Existe no Brasil um agronegócio moderno, que pensa sistemicamente e em longo prazo e que vê valor em cumprir as leis. Os esforços desses produtores e produtoras precisam ser reconhecidos. E, mesmo que seja inevitável algum aumento das emissões diretas da atividade, este pode ser compensado pelos ganhos com o bom manejo de carbono no solo e pela eliminação progressiva do do desmatamento, com recuperação de florestas em larga escala. O setor estará gerando riqueza de forma cada vez menos carbono-intensiva.

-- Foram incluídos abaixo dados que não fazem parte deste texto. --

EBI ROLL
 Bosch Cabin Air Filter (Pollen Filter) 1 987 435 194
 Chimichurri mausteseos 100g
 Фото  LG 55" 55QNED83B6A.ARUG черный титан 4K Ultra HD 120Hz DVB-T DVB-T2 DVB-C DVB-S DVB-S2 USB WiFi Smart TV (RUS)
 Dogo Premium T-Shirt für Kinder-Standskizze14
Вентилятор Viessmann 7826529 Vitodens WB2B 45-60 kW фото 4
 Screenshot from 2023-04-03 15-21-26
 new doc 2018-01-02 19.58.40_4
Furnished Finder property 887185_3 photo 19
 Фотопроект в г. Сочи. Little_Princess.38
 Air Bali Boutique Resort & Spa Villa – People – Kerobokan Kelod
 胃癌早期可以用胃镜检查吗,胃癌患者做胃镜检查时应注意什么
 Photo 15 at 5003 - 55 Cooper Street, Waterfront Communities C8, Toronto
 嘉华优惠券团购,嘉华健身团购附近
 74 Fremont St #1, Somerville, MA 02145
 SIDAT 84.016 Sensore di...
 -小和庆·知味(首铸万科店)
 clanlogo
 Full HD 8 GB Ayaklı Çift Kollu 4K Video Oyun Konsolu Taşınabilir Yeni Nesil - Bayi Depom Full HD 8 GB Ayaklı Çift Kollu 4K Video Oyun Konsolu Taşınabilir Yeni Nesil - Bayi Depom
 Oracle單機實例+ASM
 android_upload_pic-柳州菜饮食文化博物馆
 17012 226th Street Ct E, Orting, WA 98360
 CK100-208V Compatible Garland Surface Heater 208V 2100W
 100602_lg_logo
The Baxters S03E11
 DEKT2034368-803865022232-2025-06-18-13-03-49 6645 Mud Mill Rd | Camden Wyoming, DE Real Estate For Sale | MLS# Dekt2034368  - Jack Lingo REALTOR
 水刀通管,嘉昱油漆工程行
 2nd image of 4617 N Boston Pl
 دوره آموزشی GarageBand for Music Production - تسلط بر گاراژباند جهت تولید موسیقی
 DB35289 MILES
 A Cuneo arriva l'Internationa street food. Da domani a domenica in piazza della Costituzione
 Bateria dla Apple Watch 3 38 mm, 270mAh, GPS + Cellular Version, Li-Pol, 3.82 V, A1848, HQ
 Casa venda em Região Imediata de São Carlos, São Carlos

Mas, para que essa trajetória se consolide, o agro precisa reconhecer que não basta continuar sendo o que é. Existe um lado ruim do setor, baseado na grilagem de terras, numa pecuária primitiva que gera emissões, destrói a biodiversidade compromete os mananciais, e em trabalho análogo à escravidão, ao invés de contribuir para a economia. Esta “banda podre”, infelizmente, é a que encontra maior ressonância no Congresso Nacional. Para saná-la, o setor produtivo precisa reconhecer essa realidade e se aproximar da ciência ao invés de continuar tampando o sol com a peneira de números infundados e interpretações parciais. Somente assim conseguiremos alcançarmos juntos as metas climáticas estabelecidas no Acordo de Paris. Desse modo o Brasil poderá ser líder não só na produção agrícola, mas também na gestão ambientalmente sustentável.

Raoni Rajão é professor da Universidade Federal de Minas Gerais e integrante do Observatório do Código Florestal.

Carlos Rittl é secretário-executivo do Observatório do Clima.